W przegłosowaniu ustawy rząd Prawa i Sprawiedliwości poparła m.in. Lewica, która spotkała się w konsekwencji z falą krytyki.
"Wiem, jaka jest arytmetyka sejmowa"
– Byłem, jestem i będą za tym, by Polska była częścią UE, by UE szła do przodu. Decyzja ws. Funduszu Odbudowy jest dobra, Europa potrzebuje dużych, publicznych inwestycji. Inni na świecie ruszają już do przodu, nie możemy zostać w blokach startowych – komentował decyzję Lewicy Adrian Zandberg.

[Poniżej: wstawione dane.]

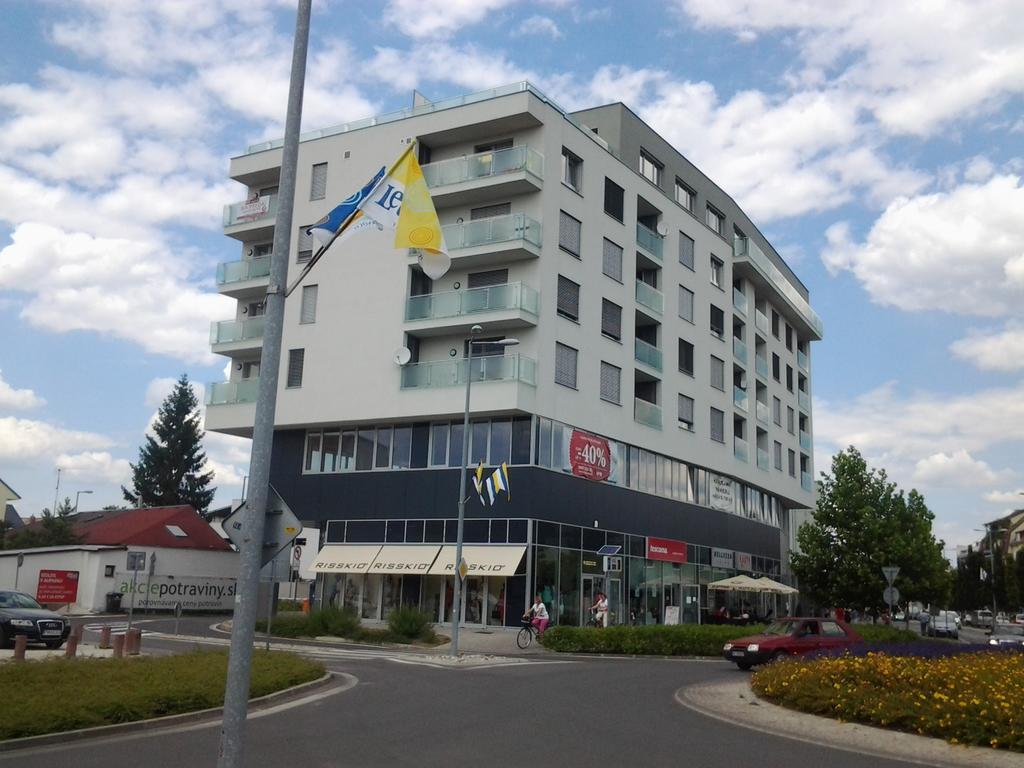 Apartman Halex Centrum City Aupark Piest'any Zimmer foto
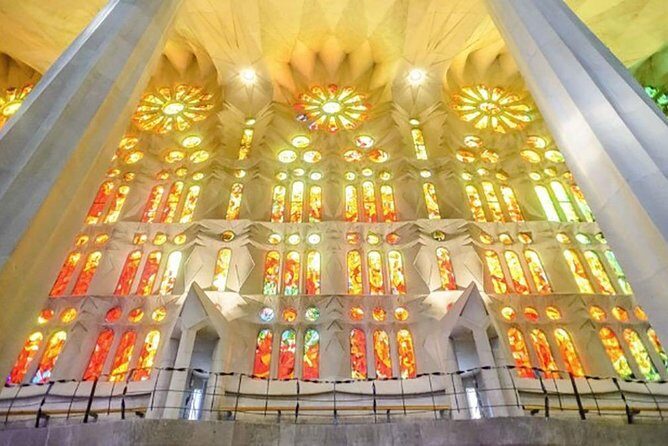 Gaudí Essential : Sagrada Familia Guided Tour - Key Points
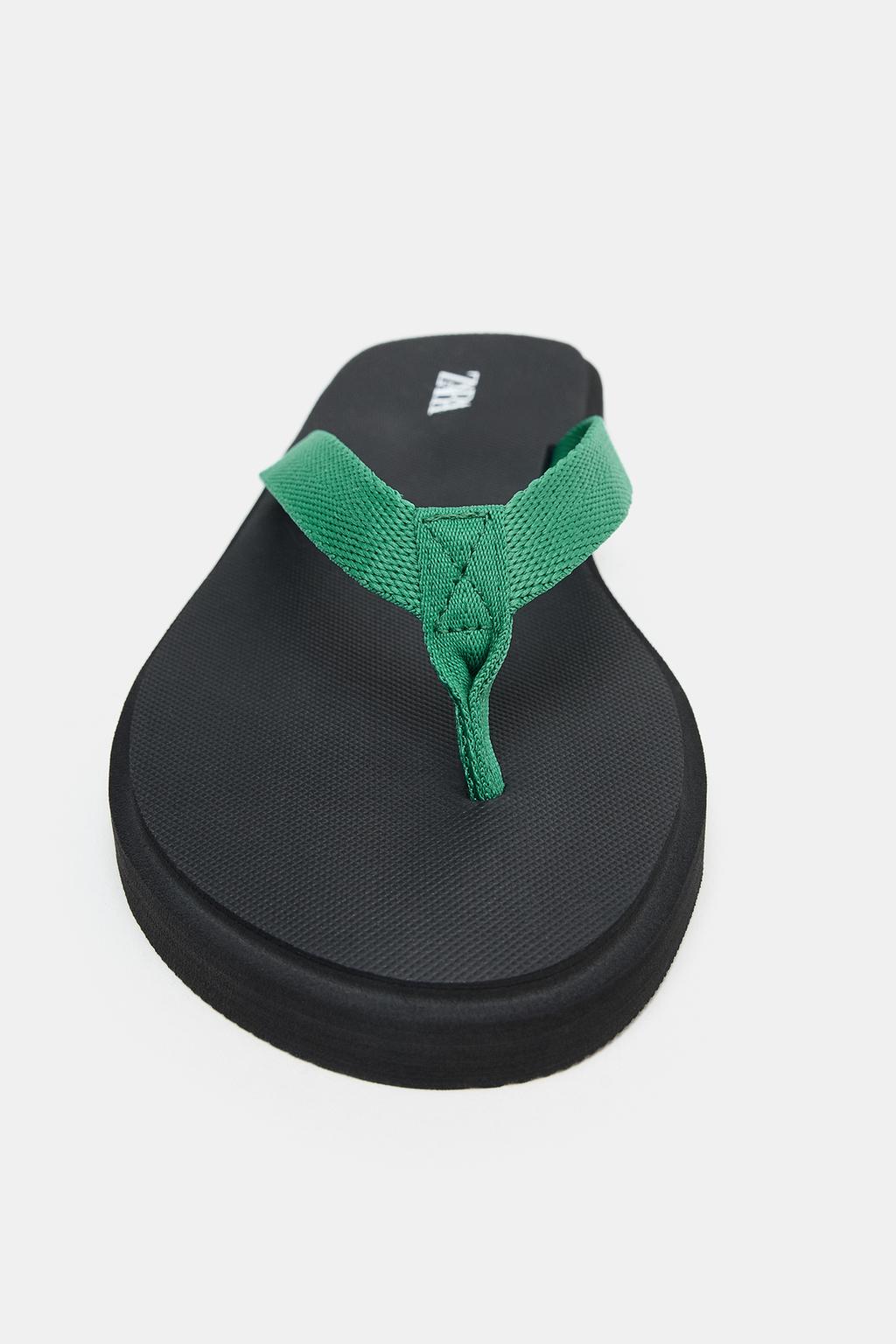 САНДАЛИИ НА ПЛОСКОЙ ПОДОШВЕ С КОНТРАСТНЫМ РЕМЕШКОМ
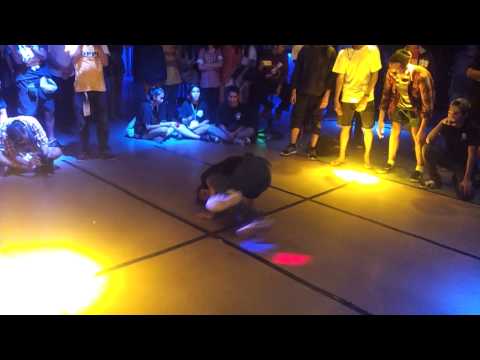 Bboy c lil vs bboy from thailand bboy combat2015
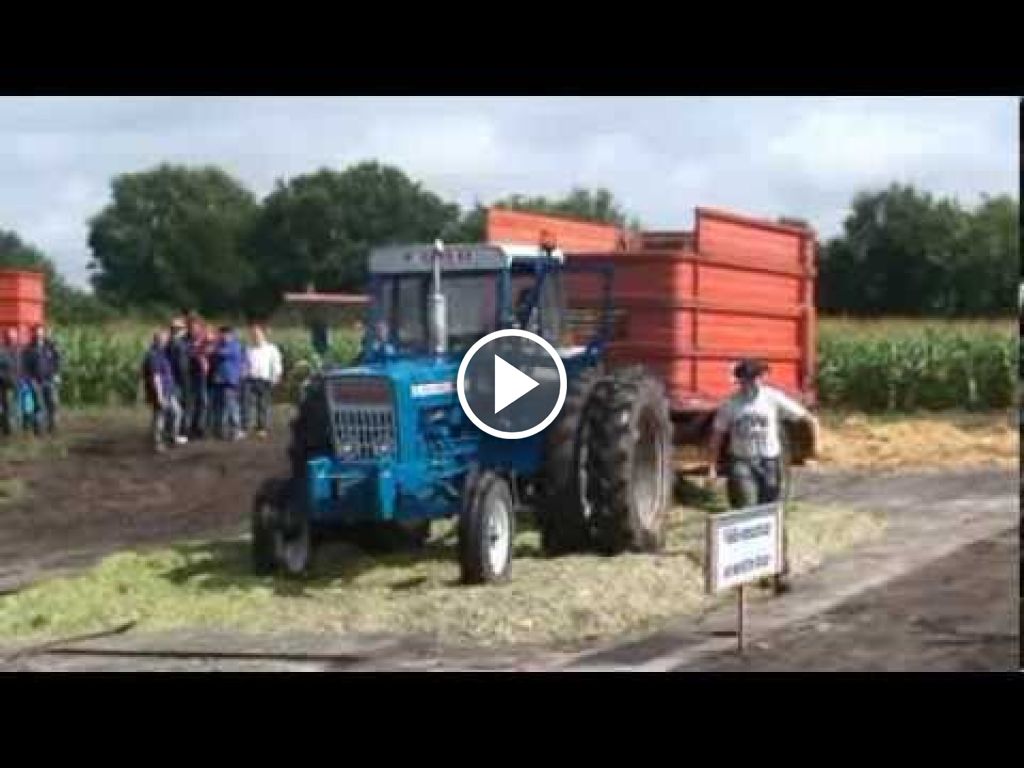 Video New Holland 1880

Jak podkreślił dalej polityk, "Fundusz Odbudowy to zdobycie się przez elity europejskie na odwagę, której przez wiele lat brakowało".
Zandberg odniósł się także do medialnych informacji o pomysłach utworzenia rządu technicznego opozycji z Konfederacją.
– Umiem liczyć i wiem, jaka jest arytmetyka sejmowa. Wiem też jak w Polsce się powołuje i odwołuje rządy. W związku z czym trudno mi traktować poważnie ekscytację o tym, że tutaj ktoś powoła proeuropejski, demokratyczny rząd w tym parlamencie, który będzie antyPiS-owski, bo umiem liczyć – tłumaczył lider RAZEM.
– Jak ktoś chce powołać rząd razem z Konfederacją, to przecież panowie z Konfederacji nie cierpią Unii Europejskiej. Panowie z Konfederacji nigdy w życiu nie zagłosują za Europejskim Funduszem Odbudowy, już nie mówiąc o paru innych – dodał Zandberg.